Zu-Eigen-Machen durch Retweet auf Twitter

Das OLG Koblenz (1 OLG 4 Ss 105/22) hat in einer Entscheidung deutlich gemacht, dass schon durch einen schlichten Retweet eine strafrechtliche Haftung begründet werden kann – in diesem Fall stellte sich die Frage, ob ein sonst frei verfügbares Video durch ein weiteres Teilen des Links überhaupt zugänglich gemacht wird:

Zugänglichmachen bedeutet, einem Dritten die Möglichkeit zu verschaffen, von der unbefugten Aufnahme Kenntnis zu nehmen (vgl. BT-Drucks. 15/2466, S.5), ob er tatsächlich Kenntnis nimmt, ist irrelevant. Es ist insofern nicht erforderlich, dass der Dritte Gewahrsam an der Aufnahme erhält; vielmehr reicht es aus, wenn ihm ein „Internet-Link“, also ein Sprungziel im Internet zu einem bestimmten Angebot, überlassen wird, durch dessen Aktivierung er die unbefugte Bildaufnahme ansehen kann (…). Denn es stellt keinen rechtlich relevanten Unterschied dar, ob die unbefugt hergestellte Aufnahme Dritten übersandt bzw. im Beitrag unmittelbar dargestellt oder durch Verlinkung zur Verfügung gestellt wird (…); sämtliche Varianten sind darauf gerichtet, dritten Personen die Kenntnisnahme vom Inhalt der Aufnahme zu ermöglichen und mithin Raum für weitere Persönlichkeitsrechtsverletzungen zu schaffen.

OLG Koblenz, 1 OLG 4 Ss 105/22

Die Frage des Zueigenmachens konnte hier dahinstehen, da sich nach Rechtsauffassung des OLG die Frage in dieser besonderen Konstellation des §201a StGB schon gar nicht stellt.
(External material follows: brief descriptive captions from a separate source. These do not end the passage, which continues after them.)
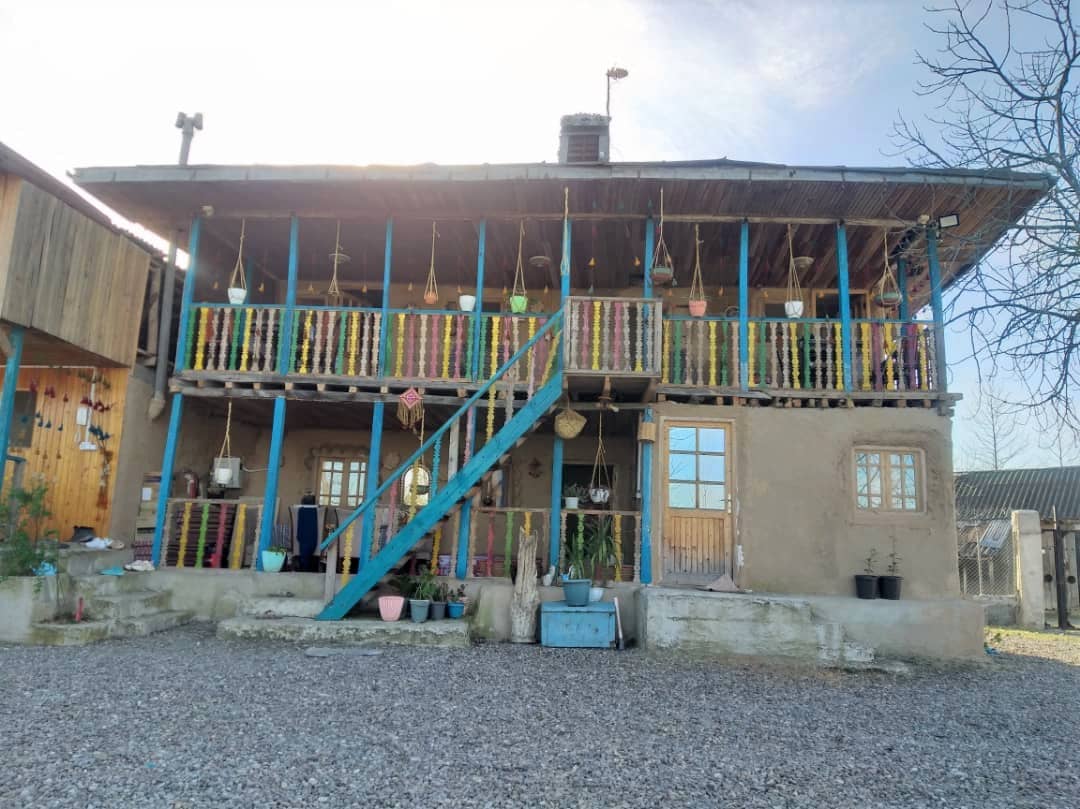 اجاره اقامتگاه بومگردی سنتی در تخسم رشت - چیچینی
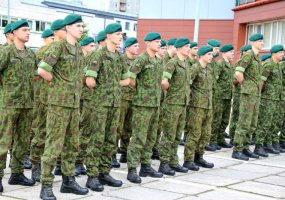 Valstybės dienos išvakarėse į atsargą išleisti šauktiniai kariai - 1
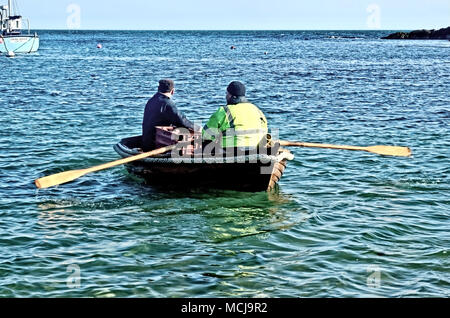 Zwei Männer in einem Boot Stockfoto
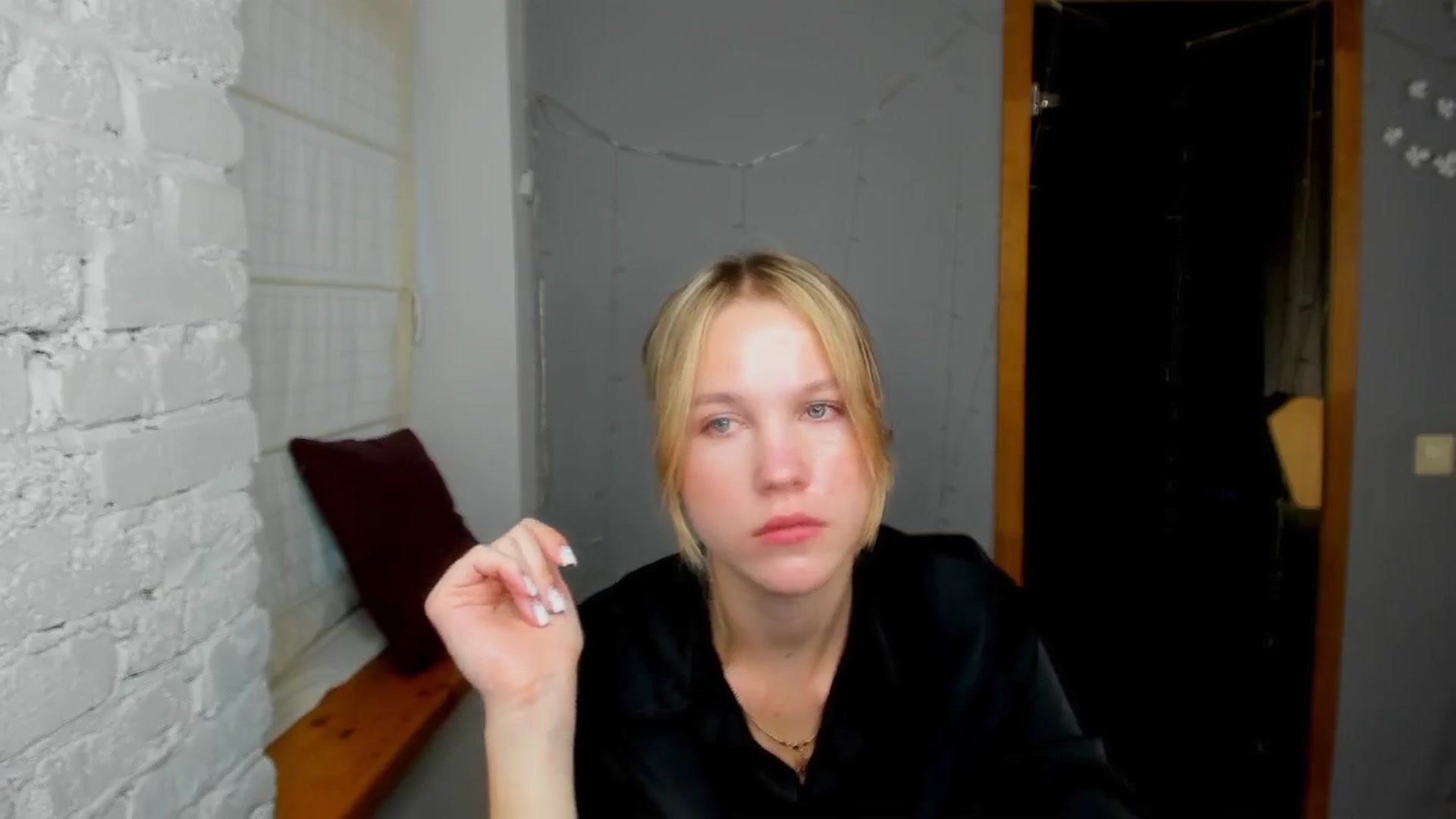 Gallery image thumbnail from Kate_Lewiss's myfreecams stream on, 09/22/2024, 08:26 image 4 of 20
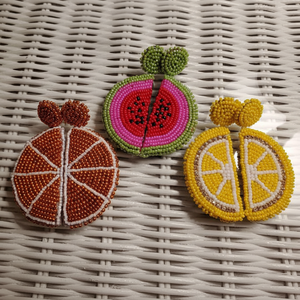 Boucles d'oreilles pendantes à la mode avec couture et couture avec motif brodé - Product Image 1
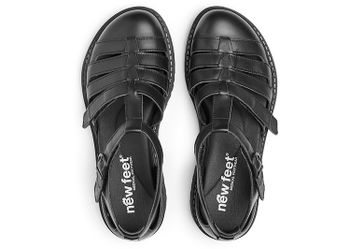 New Feet Svarta Sandaler med urtagbar komfortsula och ställbara remmar.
Zum Thema Haftung für Social-Media auch bei uns:

Schon verfügbares Video weiter geteilt

Der Annahme eines Zugänglichmachens stand für das OLG auch nicht entgegen, dass das Video bereits vor der Verlinkung im Internet frei verfügbar war:

Schon nach dem allgemeinen Wortsinn ist der Begriff des „Zugänglichmachens“ nicht darauf beschränkt, eine erstmalige Möglichkeit der Kenntnisnahme zu gewähren. Auch der Schutzzweck des § 201a StGB spricht gegen eine derartige Einschränkung. § 201a StGB dient dem Schutz des Rechts am eigenen Bild als Ausprägung des verfassungsrechtlich gewährleisteten Rechts auf informationelle Selbstbestimmung mit besonderem Augenmerk auf den höchstpersönlichen Lebensbereich (…).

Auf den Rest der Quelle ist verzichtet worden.